Fond of invoking such terms as non-Euclidean space, discontinuities, and nonlinearity, the Parisian savants fall painfully between the stools of poetic and literal usage. They keep imagining that the acceptance by the scientific world of such concepts as irrational numbers, relativity, incompleteness, Heisenbergian uncertainty, and chaos theory must somehow mean that science's account of the world or of human society has grown more irrational, relative, incomplete, uncertain, or chaotic, a notion that plenty of scientists would have been happy to talk them out of. Lacan's obsessively pursued analogies between psychoanalysis and topology are "the most arbitrary imaginable," Baudrillard's musings on exponentialism and turbulence lead him into a "gradual crescendo of nonsense," and so forth. They wanted "anti-foundationalism"? They got it: Sokal and Bricmont have kicked the props out from under them.

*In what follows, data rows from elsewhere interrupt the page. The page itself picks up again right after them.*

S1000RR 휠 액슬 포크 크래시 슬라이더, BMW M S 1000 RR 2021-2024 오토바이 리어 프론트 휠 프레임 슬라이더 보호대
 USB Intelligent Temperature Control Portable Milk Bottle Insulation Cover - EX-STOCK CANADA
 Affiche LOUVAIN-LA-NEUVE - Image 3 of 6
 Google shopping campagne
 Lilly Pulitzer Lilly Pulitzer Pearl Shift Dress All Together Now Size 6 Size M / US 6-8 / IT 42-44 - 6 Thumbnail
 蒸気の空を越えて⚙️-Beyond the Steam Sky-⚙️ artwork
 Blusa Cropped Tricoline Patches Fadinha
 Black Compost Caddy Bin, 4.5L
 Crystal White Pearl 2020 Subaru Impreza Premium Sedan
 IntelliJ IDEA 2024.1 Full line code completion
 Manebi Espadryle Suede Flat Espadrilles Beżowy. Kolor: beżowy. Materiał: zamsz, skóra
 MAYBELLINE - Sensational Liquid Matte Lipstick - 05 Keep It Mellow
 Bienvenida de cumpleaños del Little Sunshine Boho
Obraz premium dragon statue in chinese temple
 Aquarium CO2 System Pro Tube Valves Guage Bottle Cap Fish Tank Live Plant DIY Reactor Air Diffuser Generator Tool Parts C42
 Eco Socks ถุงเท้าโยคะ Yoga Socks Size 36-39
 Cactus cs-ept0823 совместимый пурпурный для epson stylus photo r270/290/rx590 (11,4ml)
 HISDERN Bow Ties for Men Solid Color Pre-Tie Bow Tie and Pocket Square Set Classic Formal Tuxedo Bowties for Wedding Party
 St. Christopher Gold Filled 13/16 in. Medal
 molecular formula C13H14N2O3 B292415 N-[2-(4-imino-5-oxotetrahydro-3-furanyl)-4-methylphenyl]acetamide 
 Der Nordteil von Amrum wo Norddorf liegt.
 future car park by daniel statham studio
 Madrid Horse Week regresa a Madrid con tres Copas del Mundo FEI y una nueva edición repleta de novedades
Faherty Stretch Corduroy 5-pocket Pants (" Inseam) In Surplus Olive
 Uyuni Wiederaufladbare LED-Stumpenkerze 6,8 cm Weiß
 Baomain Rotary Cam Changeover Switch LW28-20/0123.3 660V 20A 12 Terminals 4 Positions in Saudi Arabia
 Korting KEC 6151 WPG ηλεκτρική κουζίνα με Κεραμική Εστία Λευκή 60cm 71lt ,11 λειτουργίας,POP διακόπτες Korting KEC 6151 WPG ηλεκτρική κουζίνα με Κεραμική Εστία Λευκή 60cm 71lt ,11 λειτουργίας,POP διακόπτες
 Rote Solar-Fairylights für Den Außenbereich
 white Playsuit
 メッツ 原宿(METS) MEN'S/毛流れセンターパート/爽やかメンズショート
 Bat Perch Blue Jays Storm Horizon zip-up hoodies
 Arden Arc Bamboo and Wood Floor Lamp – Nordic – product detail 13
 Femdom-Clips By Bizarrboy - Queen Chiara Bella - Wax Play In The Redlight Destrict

But why, one wonders, has it been left to the left to do so much of the heavy lifting on these refutations? (Sokal, Levitt, Ehrenreich, and several of the House Built on Sand contributors proclaim themselves on the left, and there's scarcely an acknowledged conservative in sight.) Perhaps one reason is that much of the right in recent years has grown markedly uncritical toward its own irrationalist and anti-scientific factions, as reflected by the spread of creationist arguments in one conservative journal of opinion after another in recent years. (See "Origin of the Specious," July 1997.) In a newly written preface to last year's softcover edition of Higher Superstition, Gross and Levitt ruefully note this continued resurgence of creationist agitation and declare that if they were writing the book today, "the `academic right' would have to join the academic left in its subtitle and there would have to be a chapter on `Intelligent Design Theory.'"
In the meantime these books strike much-needed blows against the charlatanry of the learned.